The effort to help bring about world peace has been part of the Canadian psyche since the 1940s, and extends into government policy and international relations.

Our peacekeepers are internationally renowned: from Lester B. Pearson, awarded the Nobel Peace Prize in 1957 for his Middle East peace plan, to Major General Lewis Mackenzie, the former head of United Nations peacekeeping in Bosnia. But many thousands of military troops and civilians continue to selflessly risk their lives in volatile situations around the globe.

Now thanks, however modest, has been given by the Canadian government to honour the 125,000 who have served in every peacekeeping mission around the globe for more than half a century.

Chris Dagg (above), director of project and support services in SFU international, is one of those who received the Canadian Peacekeeping Service Medal, issued in Ottawa on Oct. 20, for his role during the Vietnam War.

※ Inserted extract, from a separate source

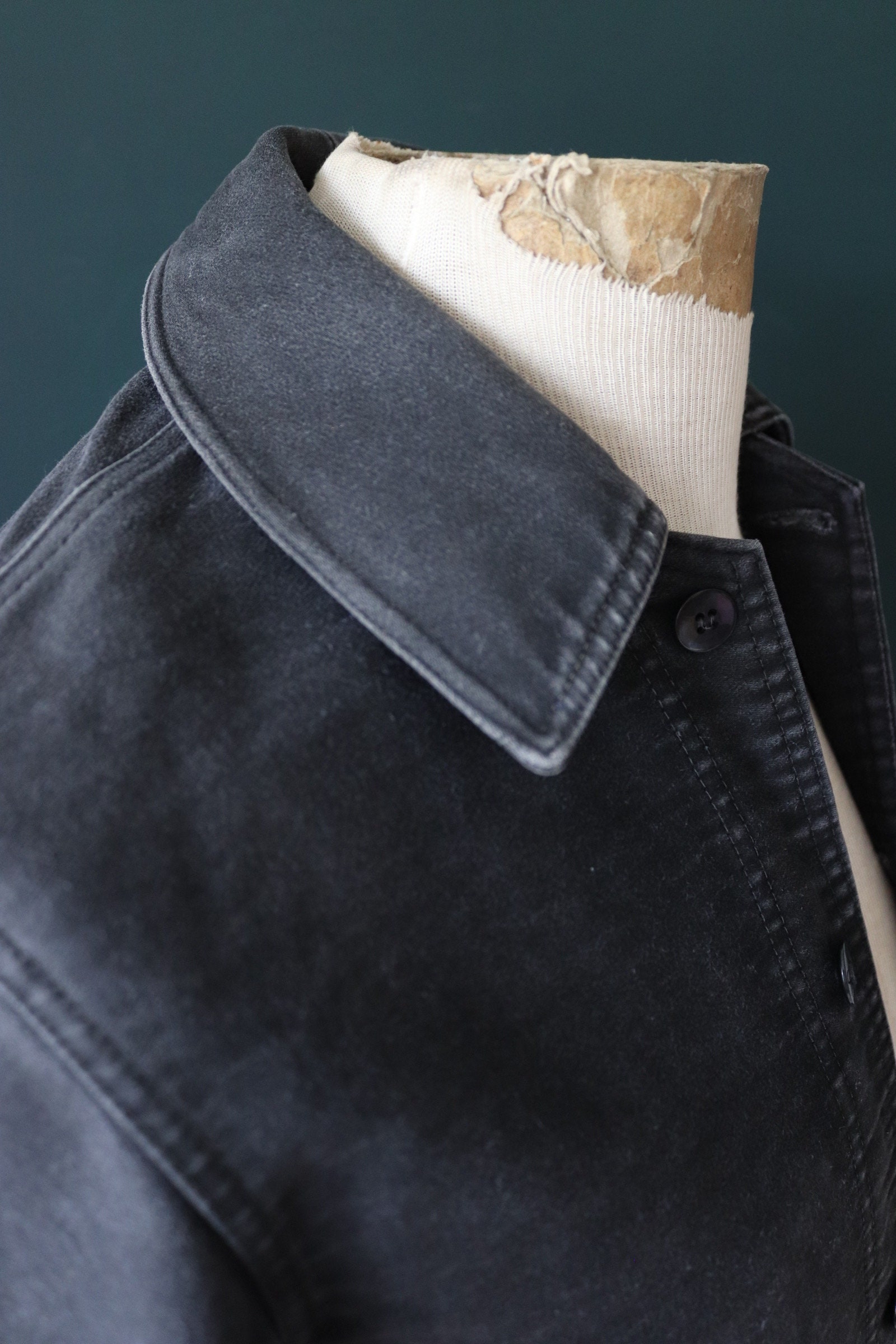 Vintage French Workwear Jacket Black Moleskin 1940s 1950s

A graduate student specializing in international affairs and peacekeeping during the early 1960s, Dagg, now 62, joined the Canadian foreign service as a Vietnam specialist. Throughout the war, from 1964 to 1973, Dagg served on Foreign Affairs' Vietnam desk or in Saigon (now Ho Chi Minh City), never finishing his master's thesis. A front-line observer to the historic 1968 Tet offensive, Dagg was legal and, later, political adviser on the Canadian delegation to the International Commission in Vietnam and delegate to the Paris Peace Conference in 1973 where a cease-fire between North and South Vietnam and the U.S. was signed, ending America's combat role in the war. After Canada withdrew from the Commission in frustration in 1973, Dagg became the political officer in the Canadian Embassy in Jakarta. The war ended in 1975.

Like other war-time diplomats, Dagg faced the threat of death from the occasional stray bullet or grenade. Such dangers are not what a diplomat fears the most, says Dagg. Rather, it is the possibility of becoming inured to suffering and death - becoming a puppet of the language of diplomacy - which a foreign-service diplomat is most vulnerable to.

“The biggest threat to a person in foreign policy is that you get so accustomed to putting your energy into word crafting and position crafting that you forget the reality,” says Dagg.

Dagg left the foreign service to work for Inco Ltd., the Canadian nickel giant, helping with development projects in Indonesian villages. After working in regional development in Indonesia and at the University of Guelph, he was hired by SFU to assist with international education initiatives.